For the past few months I've been having these dreams where my mom leaves me. Just up and leaves! Premise is always the same:
- she packs up and leaves without telling Z and I
- we scour the ends of the earth for her
- when we find her she denies having run away then sneaks away the next chance she gets
- she remarries some creepy guy
- she starts a new family
- she doesn't want to have anything to do with us anymore

Scenarios will be different but it's always the same plot some way or another. And I wake up horrified at the thought of losing her! Death becomes this major cloud looming over my head and I panic and cry. Losing my mom terrifies me. The idea of dying myself is also terrifying.
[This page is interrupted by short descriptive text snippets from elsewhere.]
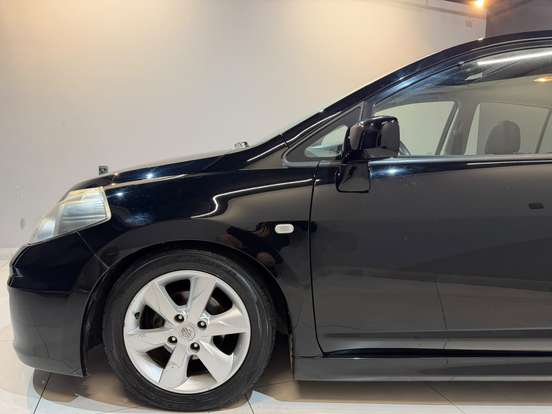 NISSAN-TIIDA-2011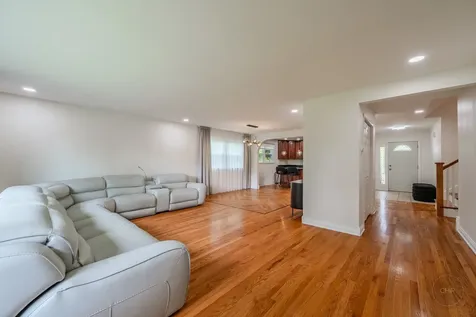 10S220 Alan Road Naperville IL 60564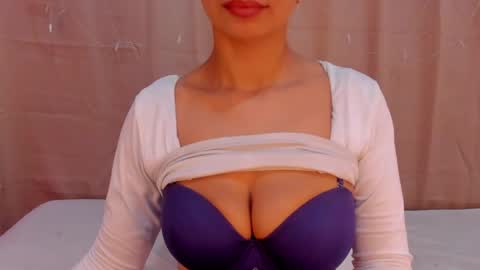 angelica_hot19 online show from April 17, 2:09 pm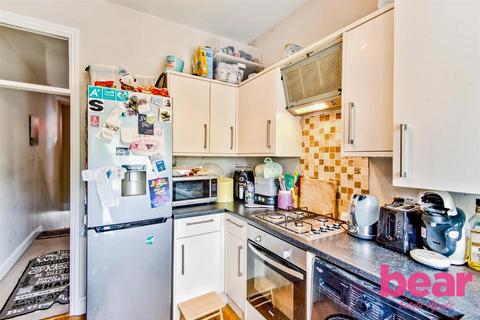2 bedroom flat for sale, Cotswold Road, Westcliff-on-Sea SS0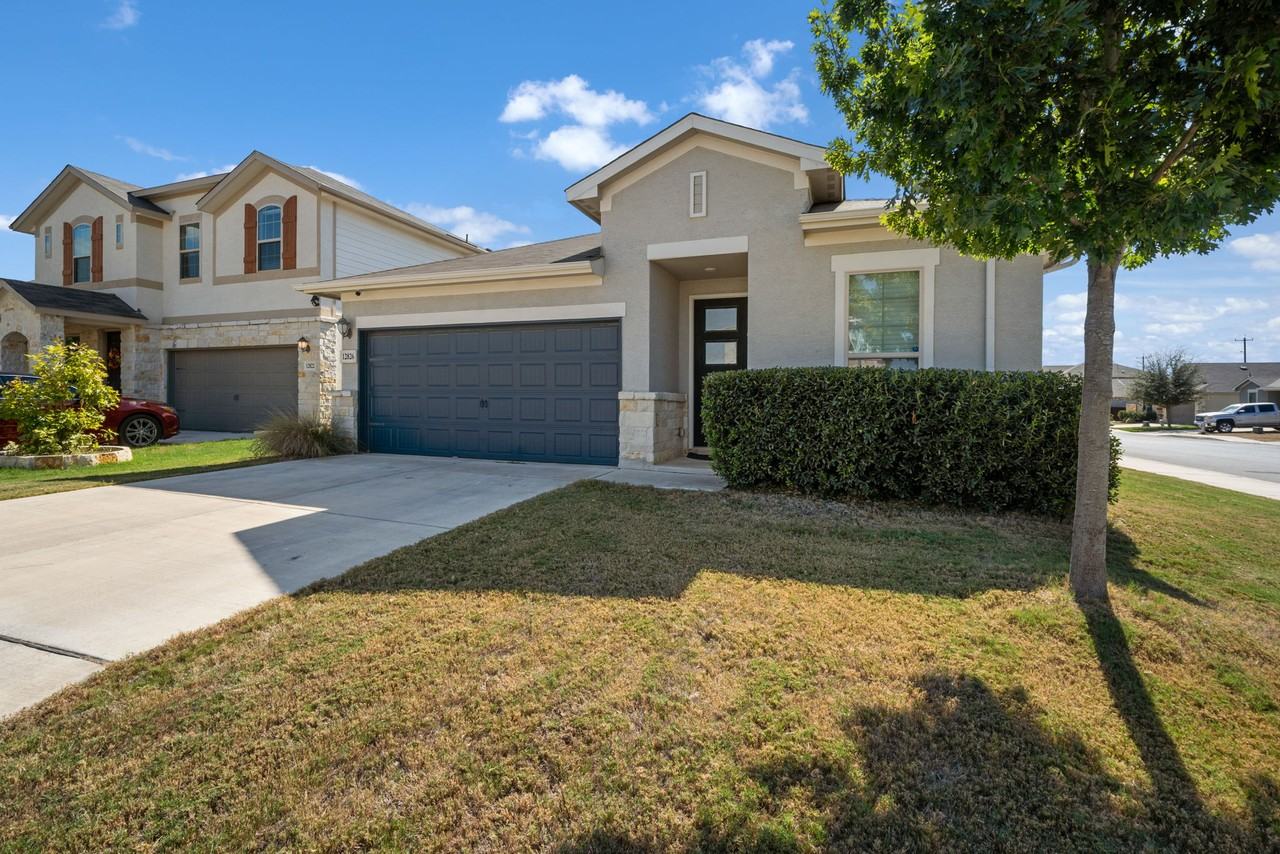 12826 Moose Circle - Photo 3 of 30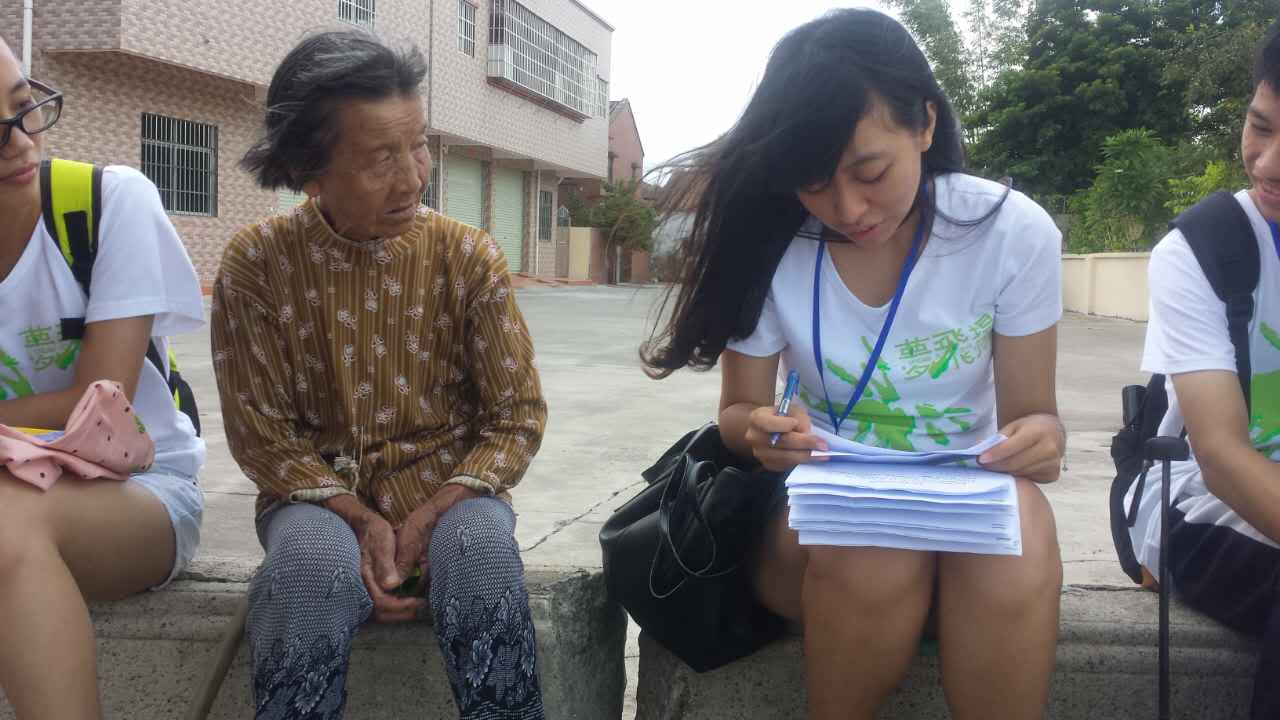 队员们在和老人聊天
I missed my mom alot today because I had another one of those dreams last night, and thought about how I couldn't stand being away from her. When I was younger, I'd cling to her leg, curl up by her tummy in bed and listen to her pulse/heartbeat. Then I'd hear stories about how that was the only way I'd fall asleep as a baby - on her chest listening to her heartbeat. I'd always hold her hand in public. I'd hug her incessantly and tell her I loved her. We'd build forts in the living room every Friday night and camp out there, with snacks and rented movies. We were this trio and were all each other had - still are, really.

Then Z and I grew up and it was uncool to do all that with mom anymore. And it made it harder to be affectionate. Our family is not really big on openly hugging and telling each other we love them. It's like a cultural thing. So now that we were older it made it harder to just pick us up and shower us with kisses and make us giggle.

I wanna go back to that, to be young again, sans souci. To be in an innocent bubble. A time when I called my mom "mommy". Goodness, I wouldn't know what I'd do if I lost her - when I lose her. It's weird looking at her now and seeing the lines on her face and the wrinkles on her hands. God, I used to hold her hands so much as a child and admire them - how pretty, smooth, and lily white they were. We found old albums of hers from when she was in her 20s. Boy was she pretty. I was watching her as she flipped through the pages and you should've seen her face light up! She said, "When I was younger I would always wish for time to speed up because I couldn't wait to grow up. Now I wish it would slow down."
We looked through our baby albums and mom's smile glowed! You could see her just traveling back in time in her head. Time is crazy. I wonder if she ever gets scared the way I do. She believes in Heaven so she might not be as scared. And if she were she'd never show it. Every so often I wonder what it would be like. I told my best friend, Karen, about how I've been so scared of dying and asked what they thought it would be like. "It will be nice in the afterlife." She's spiritual as oppose to religious so she believes our spirits will turn into another energy and live on somehow. As for me, I broke away from my Catholic upbringing. And that's why I'm scared because I don't really know. It would be nice, though, if it were just like falling asleep and dreaming nice dreams, just very seamless and fluid.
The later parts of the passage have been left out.